[Slony1-general] Catching up a large backlog: a few observations

Wed Apr 30 14:31:08 PDT 2008

Jacques Caron <jc at oxado.com> writes:
> Hi,
>
> At 17:54 24/04/2008, Christopher Browne wrote:
>>I'm not sure we want to stop queueing events altogether for any
>>extended period of time.  *That* seems like a risky thing to do.
>
> I'm not quite sure why? I'd rather have them stay untouched in the DB
> rather than have slon grow (potentially a lot) for no good reason.

After a chat with Jan, I have to back away from suggesting it's
particularly risky.  It shouldn't be.

>>- If the problem is that there is a backlog of SYNCs that *will* need
>>   to be processed, then metering them in, via "LIMIT N" + some delays,
>>   should prevent the slon from blowing up.  If it *does* blow up, it'll
>>   restart, *hopefully* after getting some work done.
>
> It does indeed, but in the meantime you have requested lots of events
> that ended up not being used (and which you will fetch again on the
> next run), you have used memory that could be more useful as OS cache,
> and in many cases you actually end up stopping slon quite abruptly
> while it's fetching data, with postgres continuing to work on that
> fetch while you start a new one. And really the "oh anyway it will
> crash and restart" approach gives be goose bumps for something related
> to DB replication!

That *seems* fair.

My counterargument is that it looks as though implementing this
throttling may be done in one of two ways:

  a) In the exact way you suggest, which seems as though it would
     require quite a lot of code change, as collecting the necessary
     data would require touching quite a lot of code.

  b) If, instead, we use an inexact heuristic, then we have the
     benefit of being able to localize the changes to a small portion of
     program logic.

It looks as though collecting all the data needed for this would be
quite intrusive, and I'm loathe to add the complication for something
that people aren't complaining about, when a simpler heuristic might
well be good enough.     

>>The alternative solution is to do "strict metering" where we don't
>>allow the queue to grow past some pre-defined size.  But I'm not sure
>>what that size should be.
>
> n x sync_group_maxsize? With n somewhere between 2 and 10, I'd say.

Ah, yes, that seems pretty plausible.  That cuts down on the need for
configuration, as the existing config (sync_group_maxsize) can indeed
reasonably imply this already.

[Rummaging through code...]

Hmm.  It'll be a bit of a pain to implement this in any strict
fashion, as the queues are maintained on a per-node basis, and I don't
see too terribly much value in being really strict about exact
handling (e.g. - to the point of walking thru *all* the nodes'
configuration to analyze this).

Simpler seems better, particularly in that this will (regardless) have
some complicating effects on the code base.  If I can keep the logic
in one spot, that will make this change *way* more maintainable.

Suggestion:

- With 2 variables, I can store the number of event rows pulled for
  this and the last iteration, last_events, and current_events

- We set the query to do "limit (2*sync_group_maxsize)"

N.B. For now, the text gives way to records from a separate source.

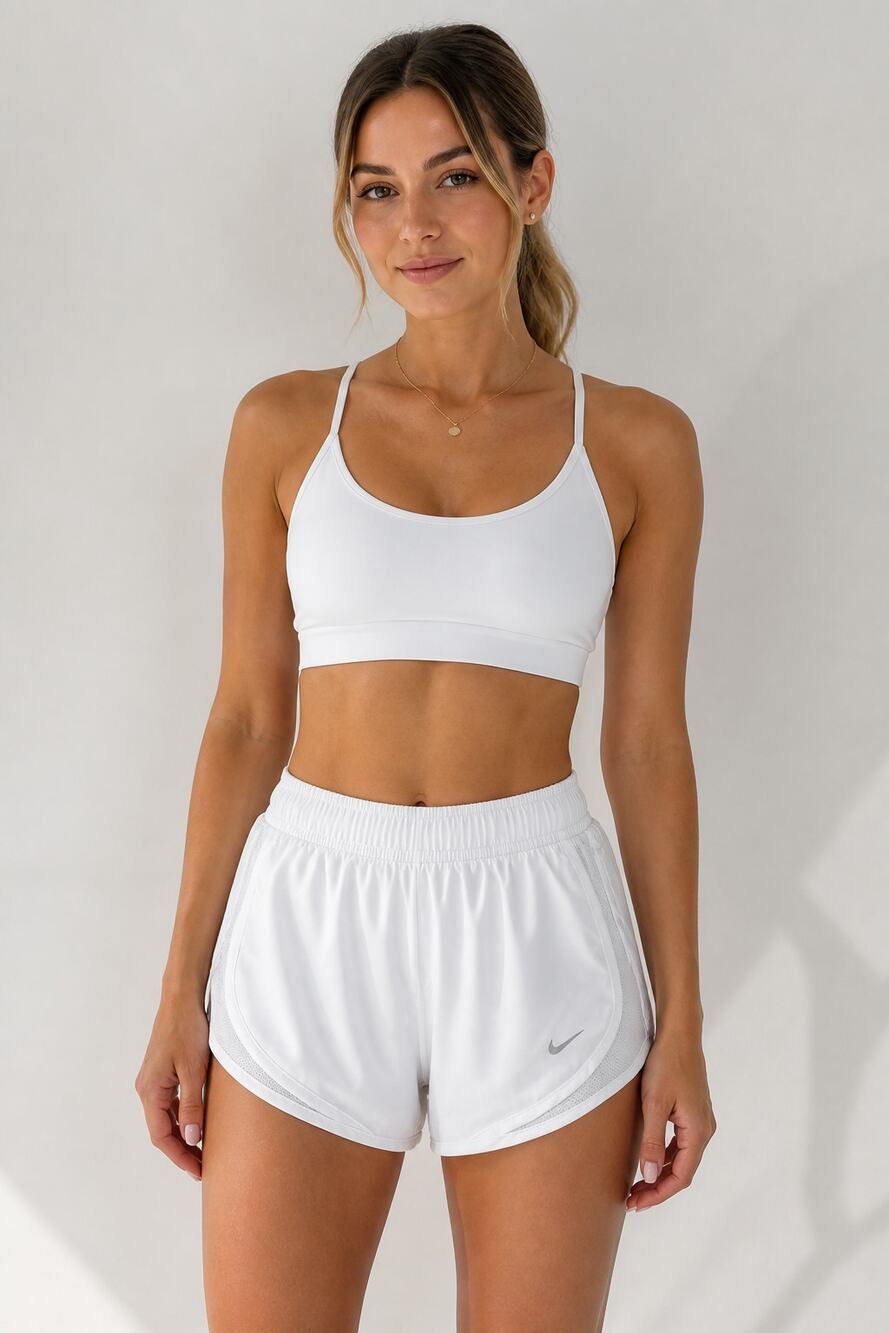 Nike Tempo White Dri-FIT Running Shorts S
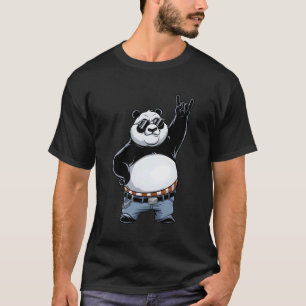 T-shirt Musique Rock Panda Rétro Hommes Enfants Femmes Ama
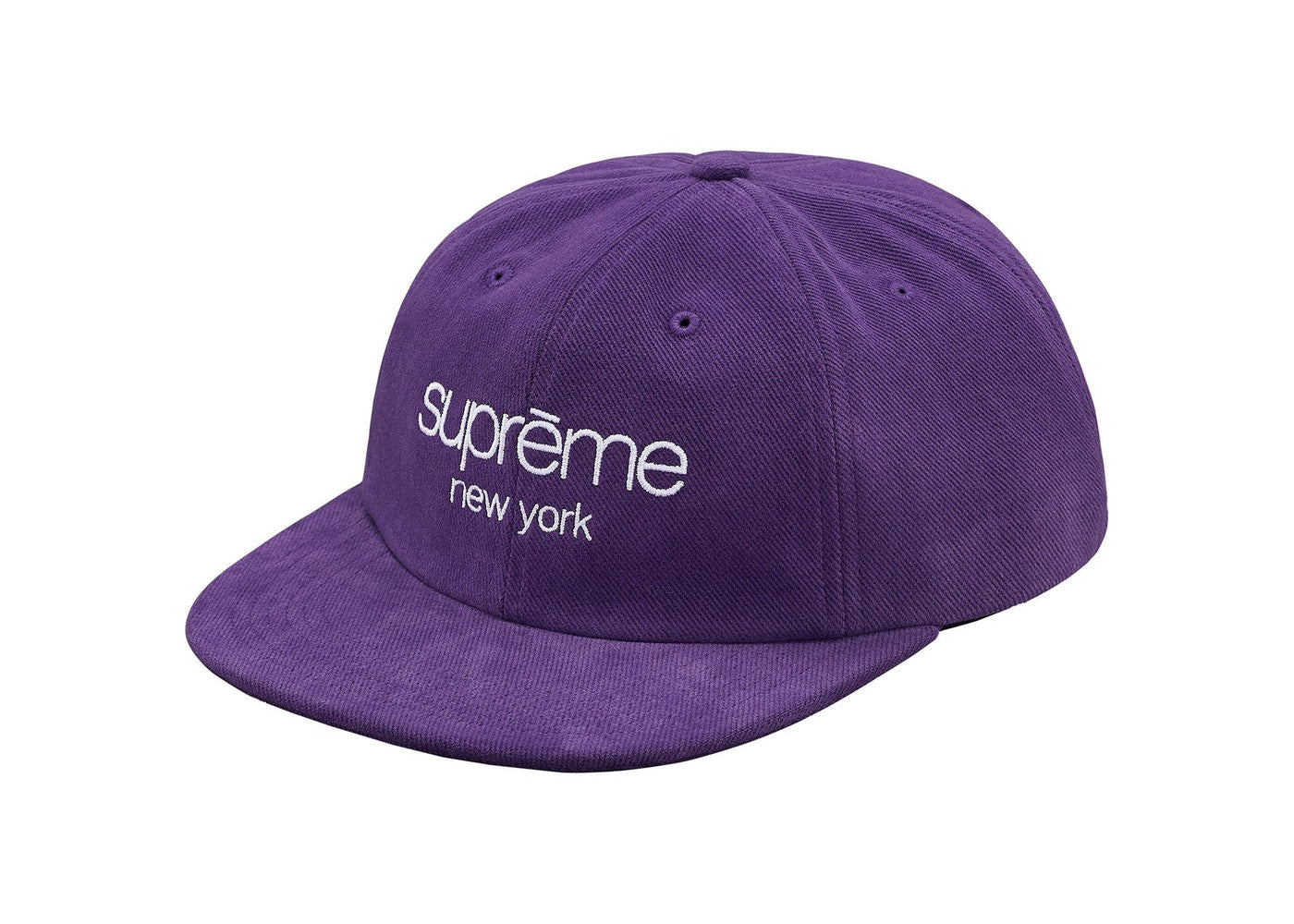 Supreme Classic Logo 6-Panel Hat (SS18 Collection) - Purple Snapback Cap for Men & Women - Perfect for Streetwear Fashion, Hip Hop Style, and Urban Outfits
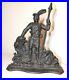 RARE_HUGE_antique_1800_s_solid_cast_iron_figural_Scottish_soldier_doorstop_early_01_tu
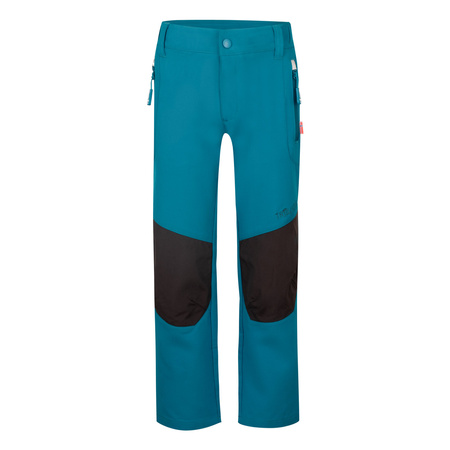 Spodnie Trollkids Lysefjord Softshell niebieski portowy (147-130)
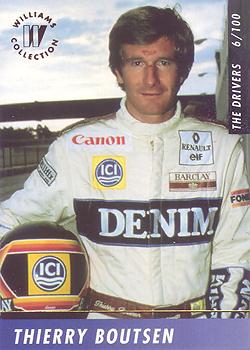 1993 Maxx Williams Racing #6 Thierry Boutsen Front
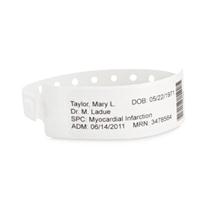 Identiplus Identiplus Poly Label Shield Wristbands CLS-PS-09 - 500.0 Each
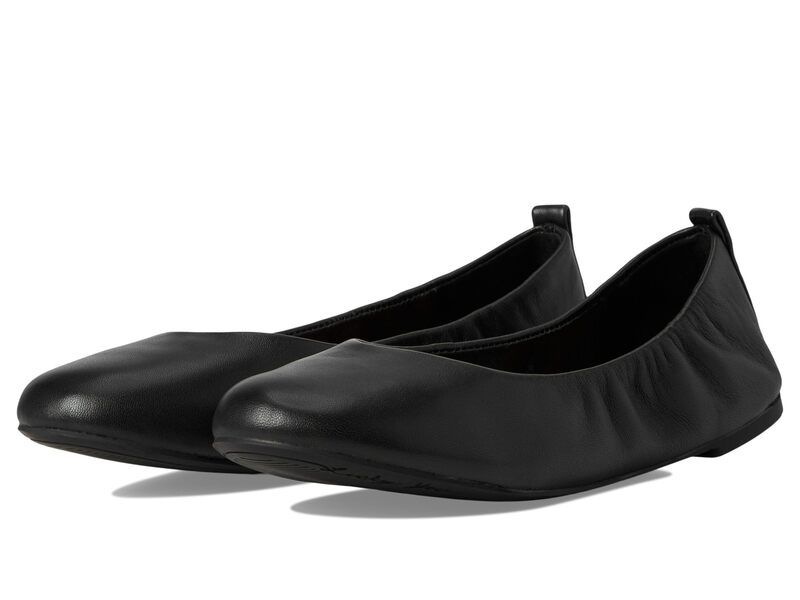 ラッキーブランド レディース シューズ サンダル レザー Lucky Brand Emmielou Leather Ballet Flat Black ブラック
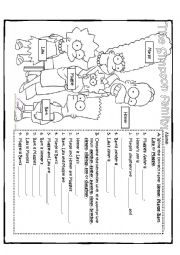 English Worksheet: The Simpson Family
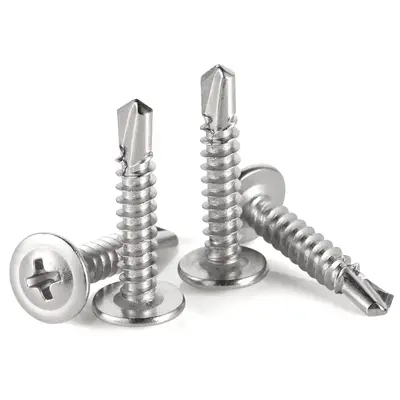 410 Stainless Steel Phillips Truss Head Self-drilling Tek Screw, 100pcs/set Self Tapping Screws Sheet Metal Screws for Spring...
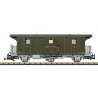 3-Axle Baggage Car - Ready to Run -- Brunig Steam Railway BDB F 51 (Era VI, green, yellow, gray), G, LGB 41331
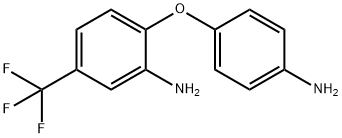 2-(4-Aminophenoxy)-5-(trifluoromethyl)benzenamine Struktur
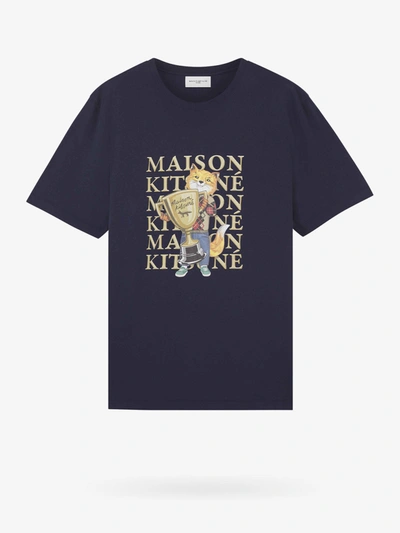 Maison Kitsuné Fox Champion Regular Tee-shirt In Blue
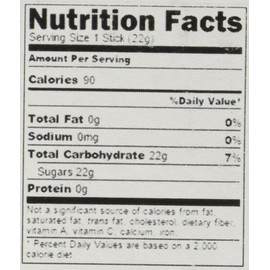 Red Rock Candy on a Stick - Pack of 12 - Strawberry Flavored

- If (last_events + current_events) = 4*sync_group_maxsize, then we
  sleep for a configurable period, *and* drop back into LISTENing mode.

That allows all of this logic to take place at the end of
remoteListen_receive_events().

It means that the slon never completely ceases to add events to the
queue, but:

 a) The events aren't enormously big, so we should be running out of
    memory due to other things way before running out due to event
    bloat;

 b) If we decelerate it sufficiently, that should be helpful enough.

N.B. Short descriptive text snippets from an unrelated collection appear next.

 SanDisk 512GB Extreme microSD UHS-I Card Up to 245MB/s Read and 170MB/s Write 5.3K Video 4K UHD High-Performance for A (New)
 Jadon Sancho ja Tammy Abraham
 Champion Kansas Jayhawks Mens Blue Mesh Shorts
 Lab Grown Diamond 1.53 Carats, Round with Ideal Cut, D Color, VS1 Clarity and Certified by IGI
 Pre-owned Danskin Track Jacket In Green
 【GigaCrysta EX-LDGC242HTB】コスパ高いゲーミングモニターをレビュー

I'll see about a patch for this.

>>Ah, you could be right there.  Yes, it may be that the "time for first
>>fetch" is nearly constant, and so should be taken out of the estimate.
>
> It's at least somewhat constant for periods of time, when the index
> isn't selective enough and the initial fetch needs a lot of work. Over
> longer periods it does vary quite significantly.
>
>>Mind you, we may be "gilding buggy whips" here; trying to improve an
>>estimate that is fundamentally flawed.  There is the fundamental flaw
>>that there is no real reason to expect two SYNCs to be equally
>>expensive, if there is variation in system load.
>
> Over consecutive runs I would expect them to be quite consistent,
> there would just be an issue at the point where the load changes
> (start or end of a batch job, etc.). Obviously for a system with lots
> of short spikes and low values of desired_sync_time it would not make
> much sense, but then I'm not sure the desired_sync_time would make
> much sense either?

The trouble with changing this to be terribly much more intelligent,
much like the listener case, is that the more sophisticated we get
about this, the more intrusive the code needs to be.

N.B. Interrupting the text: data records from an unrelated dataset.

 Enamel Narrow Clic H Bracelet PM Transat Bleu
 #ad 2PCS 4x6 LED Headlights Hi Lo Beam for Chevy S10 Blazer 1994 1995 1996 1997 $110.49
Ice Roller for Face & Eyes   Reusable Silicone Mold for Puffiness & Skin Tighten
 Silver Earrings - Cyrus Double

And I'm not just meaning in a "reluctance to alter existing code"
sense.  If it requires a LOT of additional instrumentation, and code
strewn around everywhere, that makes Slony-I harder to maintain, which
is no good thing.
-- 
let name="cbbrowne" and tld="cbbrowne.com" in String.concat "@" [name;tld];;
http://linuxfinances.info/info/nonrdbms.html
"...In my phone conversation with Microsoft's lawyer I copped to the
fact that just maybe his client might see me as having been in the
past just a bit critical of their products and business
practices. This was too bad, he said with a sigh, because they were
having a very hard time finding a reporter who both knew the industry
well enough to be called an expert and who hadn't written a negative
article about Microsoft." -- Robert X. Cringely